Scene 1 ‑ The Market place

The scene is Verona.  Romeo, son of Montague, tries unsuccessfully to declare his love for Rosaline and is consoled by his friends Mercutio and Benvolio.  As day breaks the townspeople meet in the market place, a quarrel develops between Tybalt, a nephew of Capulet, and Romeo and his friends.  The Capulets and Montagues are sworn enemies and a fight soon begins.  The Lords Montague and Capulet join in the fray, which is stopped by the appearance of the Prince of Verona who commands the families to end their feud.

Scene 2 ‑ Juliet’s ante‑room in the Capulets’ house 

Juliet, playing with her nurse, is interrupted by her parents Lord and Lady Capulet.  They present her to Paris, a wealthy young nobleman who has asked for her hand in marriage.

Scene 3 ‑ Outside the Capulet’s house 

Guests arrive for a ball at the Capulets’ house.  Romeo, Mercutio and Benvolio, disguised in masks, decide to go in pursuit of Rosaline.

Scene 4 ‑ The ballroom

Romeo and his friends arrive at the height of the festivities.  The guests watch Juliet dance.  Mercutio, seeing Romeo is entranced by her, dances to distract attention from him.  Tybalt recognizes Romeo and orders him to leave, but Capulet intervenes and welcomes him as a guest in his house.

Scene 5 ‑ Outside the Capulets’ house

As the guests leave the ball Capulet restrains Tybalt from pursuing Romeo.

Scene 6 ‑ Juliet’s balcony

Unable to sleep, Juliet comes out on to her balcony and is thinking of Romeo, when suddenly he appears in the garden.  They confess their love for each other.

Act II

Scene 1 ‑ The Market place

Romeo can think only of Juliet, and as a wedding procession passes, he dreams of the day when he will marry her.  In the meantime Juliet’s nurse pushes her way through the crowds in search of Romeo to give him a letter from Juliet.  He reads that Juliet has consented to be his wife.

Scene 2 ‑ The chapel

The lovers are secretly married by Friar Laurence who hopes that their union will end the strife between the Montagues and the Capulets.

Scene 3 ‑ The market place

Interrupting the revelry, Tybalt fights with Mercutio and kills him.  Romeo avenges the death of his friend and is exiled.

Act III

Scene 1 ‑ The bedroom

At dawn next morning the household is stirring and Romeo must go.  He embraces Juliet and leaves as her parents enter with Paris.

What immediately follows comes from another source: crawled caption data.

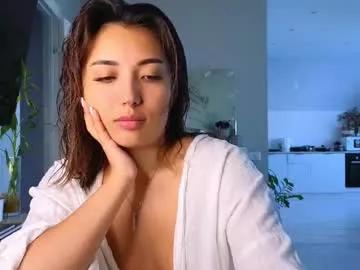 lily_foster_ from Chaturbate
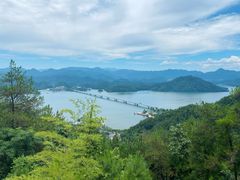 -千岛湖天屿景区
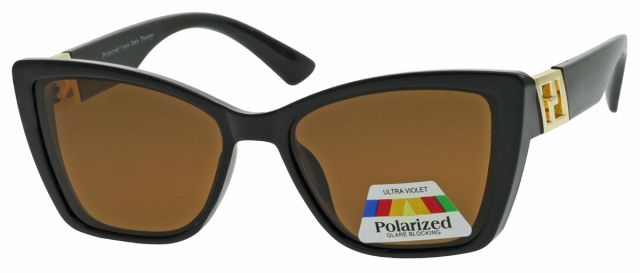 Polarizační sluneční brýle SGL.2WF10-1 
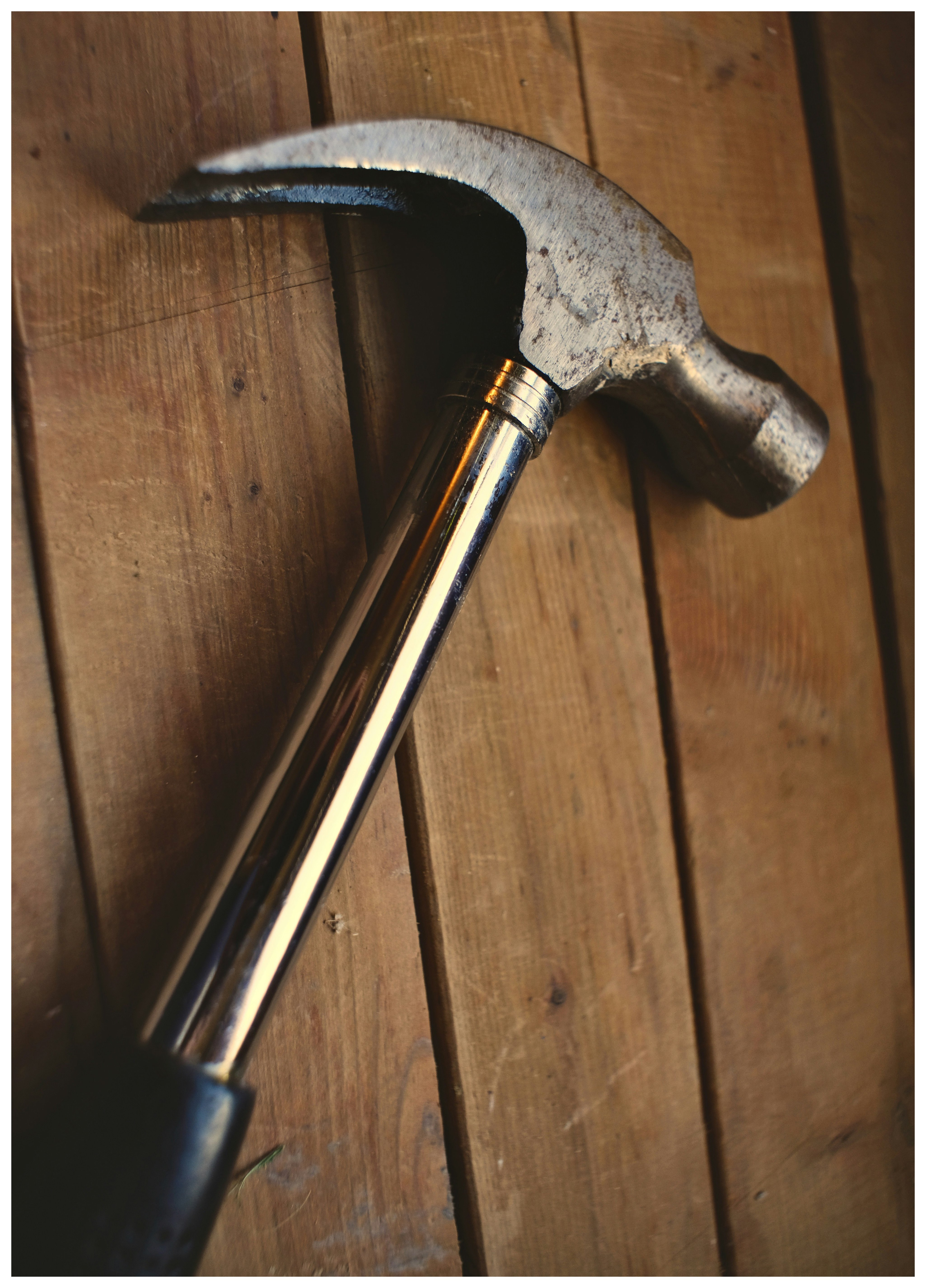 A Hammer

Juliet refuses to marry Paris, and hurt by her rebuff, he leaves.  Juliet’s parents are angry and threaten to disown her.  Juliet rushes to see Friar Laurence.

Scene 2 ‑ The chapel

She falls at the Friar’s feet and begs for his help.  He gives her a phial of sleeping potion which will make her fall into a death‑like sleep.  Her parents, believing her dead, will bury her in the family tomb.  Meanwhile Romeo, warned by Friar Laurence, will return under cover of darkness and take her away from Verona.

Scene 3 ‑ The bedroom

That evening Juliet agrees to marry Paris, but next morning, where her parents arrive with him they find her apparently lifeless on the bed.

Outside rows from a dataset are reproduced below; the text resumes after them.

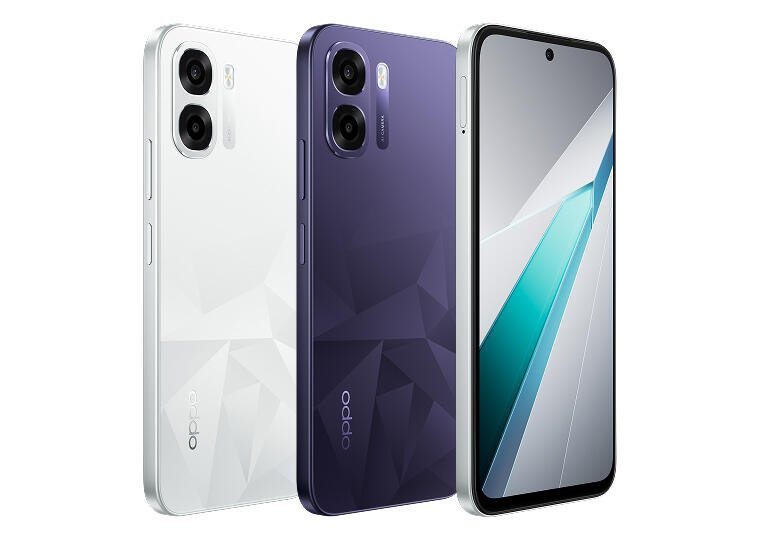 Oppo K15x кольори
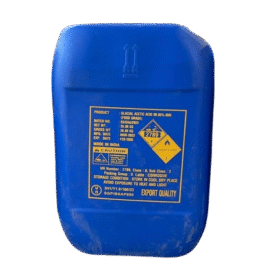 Acetic Acid Suppliers in Nigeria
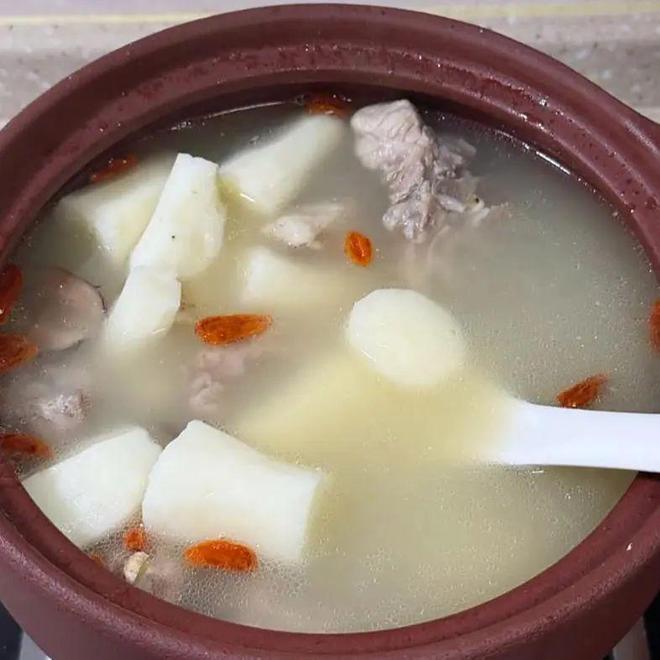 碗汤滋阴润燥连喝3天浑身都滋润！不朽情缘手机版昨日已出伏多喝这3(图5)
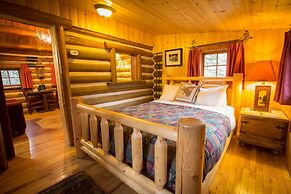 Storm Mountain Lodge Cabins & Dining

Scene 4 ‑ The Capulet family crypt

Romeo, failing to receive the Friar’s message, returns to Verona stunned by grief at the news of Juliet’s death.  Disguised as a monk he enters the crypt, and finding Paris by Juliet’s body, kills him.  Believing Juliet to be dead, Romeo drinks a phial of poison.  Juliet awakes and, finding Romeo dead, stabs herself.

Venue Info

Teatro Alla Scala - Milan
Location   Via Filodrammatici, 2

Teatro Alla Scala is an opera house in Milan. Most of Italy's greatest operatic artists, and many of the finest singers from around the world, have appeared at La Scala. The theatre is regarded as one of the leading opera and ballet theatres globally. It is home to the La Scala Theatre Chorus, La Scala Theatre Ballet, La Scala Theatre Orchestra, and the Filarmonica della Scala orchestra.

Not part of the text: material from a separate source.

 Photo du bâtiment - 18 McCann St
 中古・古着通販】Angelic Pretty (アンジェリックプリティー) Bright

The Teatro alla Scala was founded, under the auspices of the Empress Maria Theresa of Austria, to replace the Royal Ducal Theatre, which was destroyed by fire on 26 February 1776 and had until then been the home of opera in Milan. The cost of building the new theatre was borne by the owners of the boxes at the Ducal, in exchange for possession of the land on which stood the church of Santa Maria alla Scala (hence the name) and for renewed ownership of their boxes. Designed by the great neoclassical architect Giuseppe Piermarini, La Scala opened on 3 August 1778 with Antonio Salieri's opera L'Europa riconosciuta, to a libretto by Mattia Verazi.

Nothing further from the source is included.